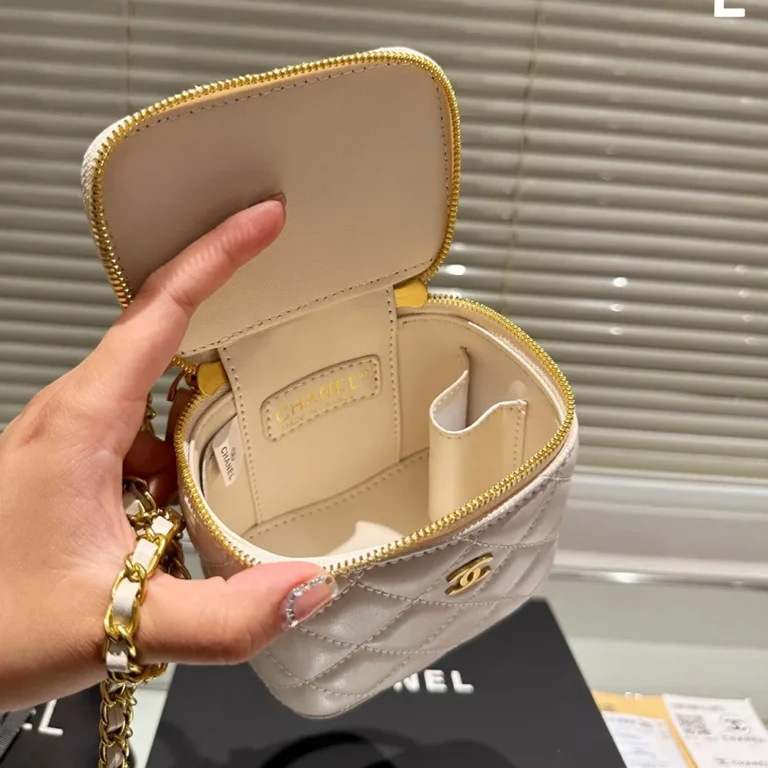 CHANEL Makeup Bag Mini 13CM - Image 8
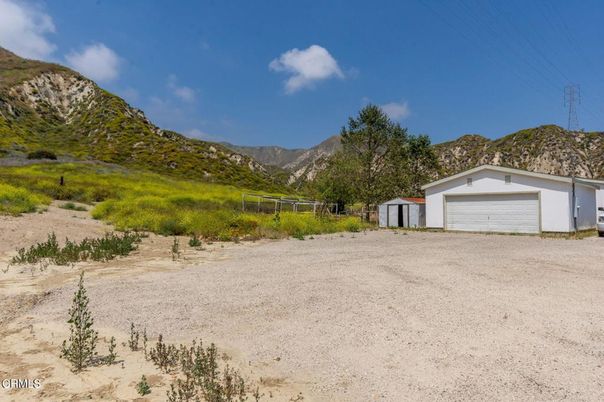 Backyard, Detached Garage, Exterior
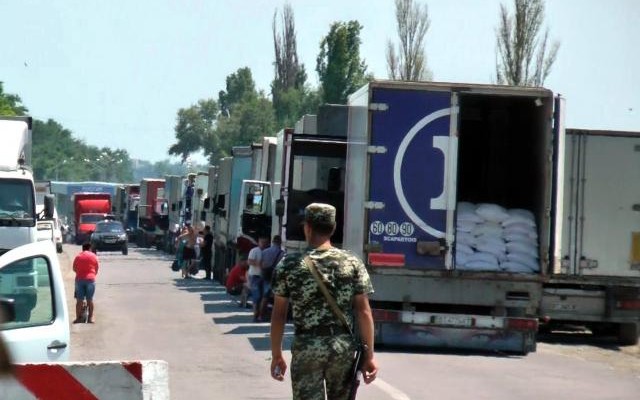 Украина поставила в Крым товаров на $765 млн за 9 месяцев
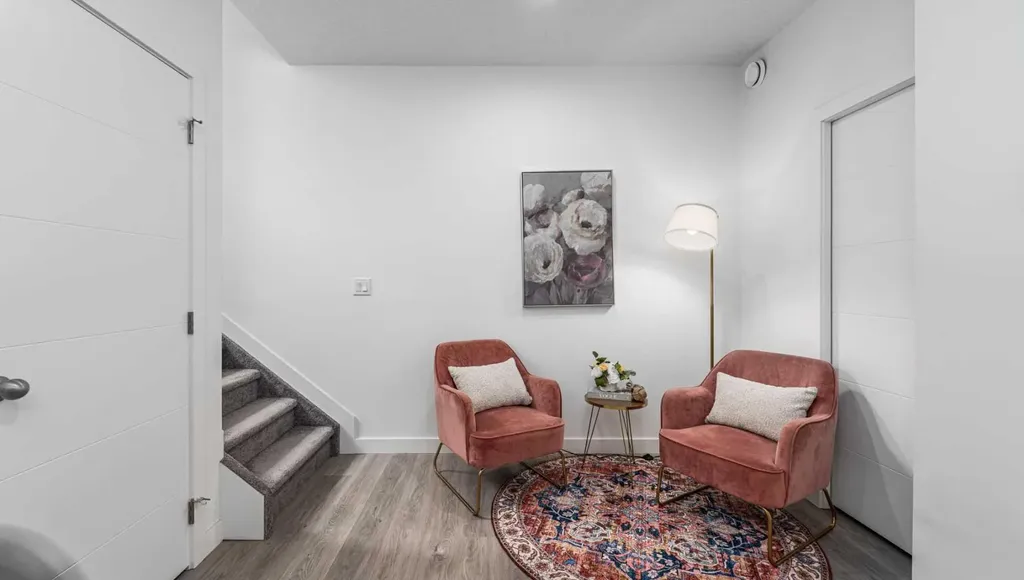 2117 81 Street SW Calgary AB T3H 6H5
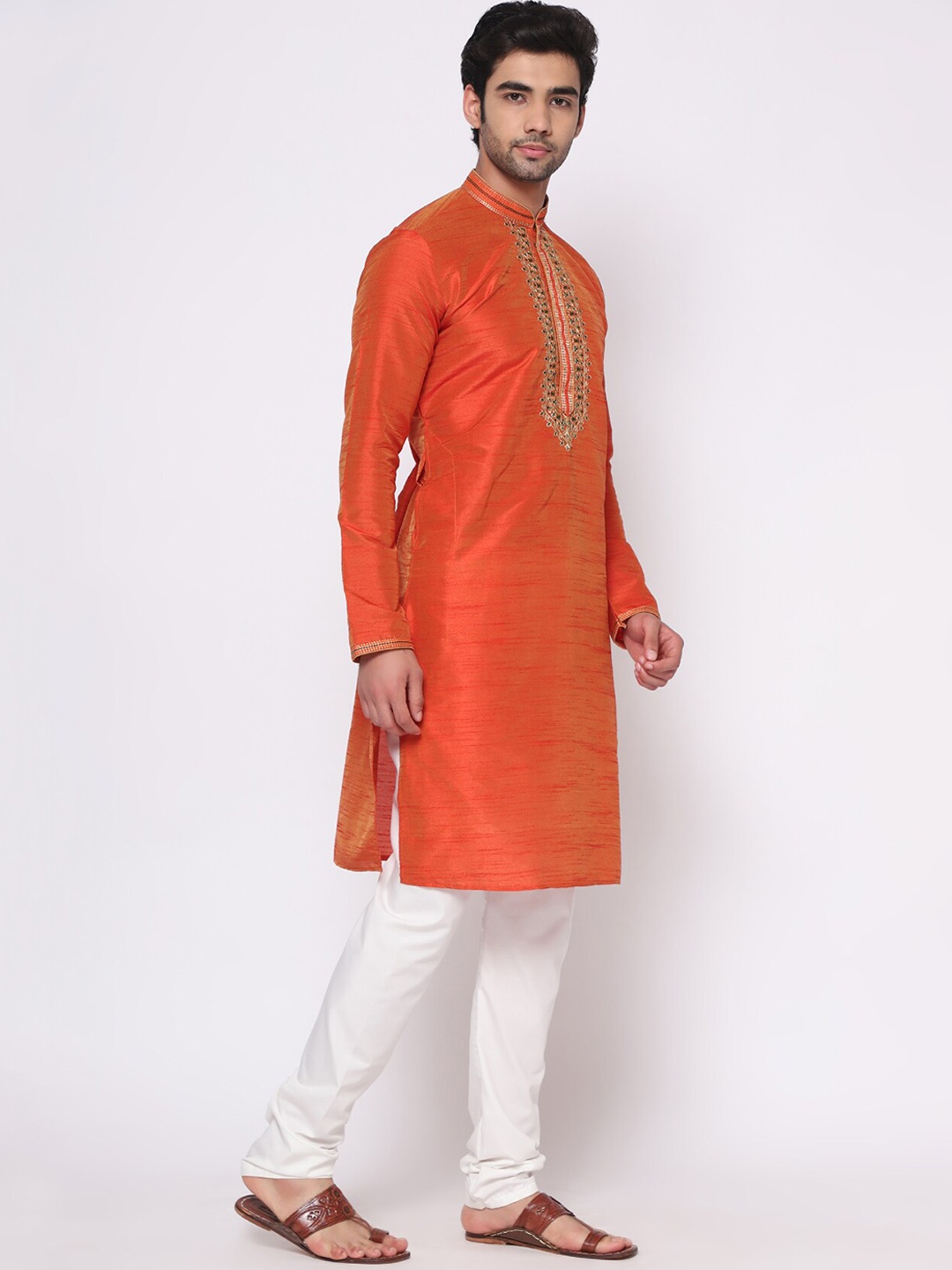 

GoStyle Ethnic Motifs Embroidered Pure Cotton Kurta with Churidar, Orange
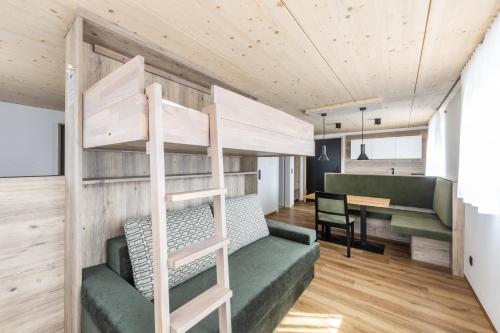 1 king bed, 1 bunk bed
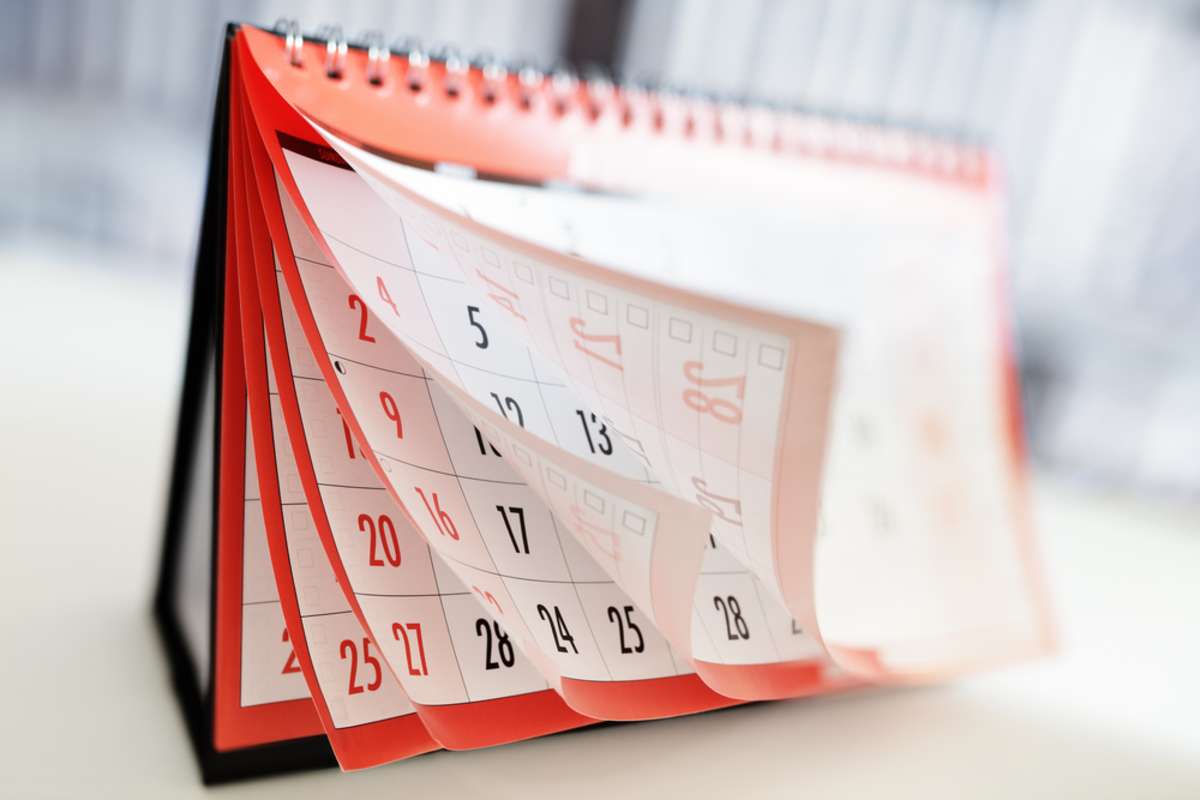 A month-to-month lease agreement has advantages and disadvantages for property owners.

============

### Problem to work on
Could you reproduce exactly, and only, the lines from the one containing "2117 81 Street SW Calgary AB T3H 6H5" through the end of the records above, both included, while leaving out the pictures?

### Written reply
 2117 81 Street SW Calgary AB T3H 6H5

GoStyle Ethnic Motifs Embroidered Pure Cotton Kurta with Churidar, Orange
 1 king bed, 1 bunk bed
 A month-to-month lease agreement has advantages and disadvantages for property owners.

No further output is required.